◆ Task
Give the lines of the material verbatim, from the first line to the line with "Chanel Shiny Calfskin Quilted Small 22 Pink", including both.

◆ Given records
——————————
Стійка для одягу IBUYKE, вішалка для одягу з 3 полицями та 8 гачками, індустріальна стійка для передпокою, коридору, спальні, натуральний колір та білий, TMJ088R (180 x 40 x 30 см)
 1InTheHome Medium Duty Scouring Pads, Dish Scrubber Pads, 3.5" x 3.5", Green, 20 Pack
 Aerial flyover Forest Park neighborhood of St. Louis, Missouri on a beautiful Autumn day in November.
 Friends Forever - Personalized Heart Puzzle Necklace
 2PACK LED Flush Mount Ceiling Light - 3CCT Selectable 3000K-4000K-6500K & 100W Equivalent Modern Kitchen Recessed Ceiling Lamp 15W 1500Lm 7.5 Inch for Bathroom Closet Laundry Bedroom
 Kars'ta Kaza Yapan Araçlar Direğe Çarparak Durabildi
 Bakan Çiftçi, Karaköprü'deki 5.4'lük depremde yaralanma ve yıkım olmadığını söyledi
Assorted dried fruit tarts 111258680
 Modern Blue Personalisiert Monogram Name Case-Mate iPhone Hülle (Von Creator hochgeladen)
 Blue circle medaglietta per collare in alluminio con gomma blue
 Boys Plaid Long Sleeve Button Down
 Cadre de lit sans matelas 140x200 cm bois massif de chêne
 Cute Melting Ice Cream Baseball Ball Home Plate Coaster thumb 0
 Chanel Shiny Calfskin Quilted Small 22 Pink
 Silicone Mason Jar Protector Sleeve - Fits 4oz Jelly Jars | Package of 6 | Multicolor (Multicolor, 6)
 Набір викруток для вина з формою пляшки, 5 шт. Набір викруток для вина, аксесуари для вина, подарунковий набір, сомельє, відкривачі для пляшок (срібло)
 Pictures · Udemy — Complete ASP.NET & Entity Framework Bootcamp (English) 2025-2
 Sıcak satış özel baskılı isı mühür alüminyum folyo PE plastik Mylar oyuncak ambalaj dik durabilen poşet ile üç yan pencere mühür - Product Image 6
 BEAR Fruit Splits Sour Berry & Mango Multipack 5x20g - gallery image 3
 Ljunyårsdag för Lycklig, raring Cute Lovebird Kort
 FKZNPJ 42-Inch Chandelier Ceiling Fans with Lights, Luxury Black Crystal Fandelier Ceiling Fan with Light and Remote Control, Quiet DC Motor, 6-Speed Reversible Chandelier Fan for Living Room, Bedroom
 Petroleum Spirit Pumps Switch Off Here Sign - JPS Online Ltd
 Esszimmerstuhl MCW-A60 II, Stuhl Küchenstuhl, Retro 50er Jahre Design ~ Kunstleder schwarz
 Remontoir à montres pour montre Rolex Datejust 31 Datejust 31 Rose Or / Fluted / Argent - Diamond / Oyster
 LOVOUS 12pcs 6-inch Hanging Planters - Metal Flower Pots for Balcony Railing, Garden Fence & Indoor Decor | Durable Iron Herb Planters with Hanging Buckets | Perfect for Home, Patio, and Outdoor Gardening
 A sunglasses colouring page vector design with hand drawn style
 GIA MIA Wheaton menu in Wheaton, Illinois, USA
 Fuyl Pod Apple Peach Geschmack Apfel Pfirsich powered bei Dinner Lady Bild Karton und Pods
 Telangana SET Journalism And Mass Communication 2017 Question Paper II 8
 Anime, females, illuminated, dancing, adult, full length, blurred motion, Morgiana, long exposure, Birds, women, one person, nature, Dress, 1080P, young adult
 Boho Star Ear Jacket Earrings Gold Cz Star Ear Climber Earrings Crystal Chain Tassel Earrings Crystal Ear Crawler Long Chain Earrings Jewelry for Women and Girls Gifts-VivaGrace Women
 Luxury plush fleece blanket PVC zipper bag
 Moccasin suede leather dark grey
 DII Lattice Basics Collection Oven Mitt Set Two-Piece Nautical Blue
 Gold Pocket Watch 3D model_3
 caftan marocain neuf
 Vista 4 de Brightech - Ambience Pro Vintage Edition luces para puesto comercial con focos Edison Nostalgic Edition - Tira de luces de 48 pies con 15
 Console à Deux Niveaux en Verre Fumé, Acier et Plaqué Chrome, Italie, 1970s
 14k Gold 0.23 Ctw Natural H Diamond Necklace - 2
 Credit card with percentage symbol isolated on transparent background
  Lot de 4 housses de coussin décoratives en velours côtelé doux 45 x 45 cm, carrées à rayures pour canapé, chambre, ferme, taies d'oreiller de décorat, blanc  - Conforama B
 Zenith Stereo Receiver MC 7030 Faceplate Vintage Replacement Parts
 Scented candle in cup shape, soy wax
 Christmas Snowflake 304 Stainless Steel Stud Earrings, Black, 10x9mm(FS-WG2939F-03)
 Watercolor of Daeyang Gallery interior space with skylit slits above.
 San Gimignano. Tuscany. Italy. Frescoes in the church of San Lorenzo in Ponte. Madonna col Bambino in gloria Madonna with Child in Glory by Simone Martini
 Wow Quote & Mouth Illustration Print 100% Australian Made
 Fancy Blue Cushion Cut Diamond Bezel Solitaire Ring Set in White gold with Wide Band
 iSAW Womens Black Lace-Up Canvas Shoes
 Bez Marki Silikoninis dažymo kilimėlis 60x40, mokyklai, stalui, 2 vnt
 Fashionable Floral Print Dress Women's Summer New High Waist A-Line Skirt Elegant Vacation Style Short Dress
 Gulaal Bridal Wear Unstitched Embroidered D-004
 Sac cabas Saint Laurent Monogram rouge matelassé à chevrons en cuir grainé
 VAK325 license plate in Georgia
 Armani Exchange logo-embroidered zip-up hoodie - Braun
——————————
◆ Reply to the exercise
Стійка для одягу IBUYKE, вішалка для одягу з 3 полицями та 8 гачками, індустріальна стійка для передпокою, коридору, спальні, натуральний колір та білий, TMJ088R (180 x 40 x 30 см)
 1InTheHome Medium Duty Scouring Pads, Dish Scrubber Pads, 3.5" x 3.5", Green, 20 Pack
 Aerial flyover Forest Park neighborhood of St. Louis, Missouri on a beautiful Autumn day in November.
 Friends Forever - Personalized Heart Puzzle Necklace
 2PACK LED Flush Mount Ceiling Light - 3CCT Selectable 3000K-4000K-6500K & 100W Equivalent Modern Kitchen Recessed Ceiling Lamp 15W 1500Lm 7.5 Inch for Bathroom Closet Laundry Bedroom
 Kars'ta Kaza Yapan Araçlar Direğe Çarparak Durabildi
 Bakan Çiftçi, Karaköprü'deki 5.4'lük depremde yaralanma ve yıkım olmadığını söyledi
Assorted dried fruit tarts 111258680
 Modern Blue Personalisiert Monogram Name Case-Mate iPhone Hülle (Von Creator hochgeladen)
 Blue circle medaglietta per collare in alluminio con gomma blue
 Boys Plaid Long Sleeve Button Down
 Cadre de lit sans matelas 140x200 cm bois massif de chêne
 Cute Melting Ice Cream Baseball Ball Home Plate Coaster thumb 0
 Chanel Shiny Calfskin Quilted Small 22 Pink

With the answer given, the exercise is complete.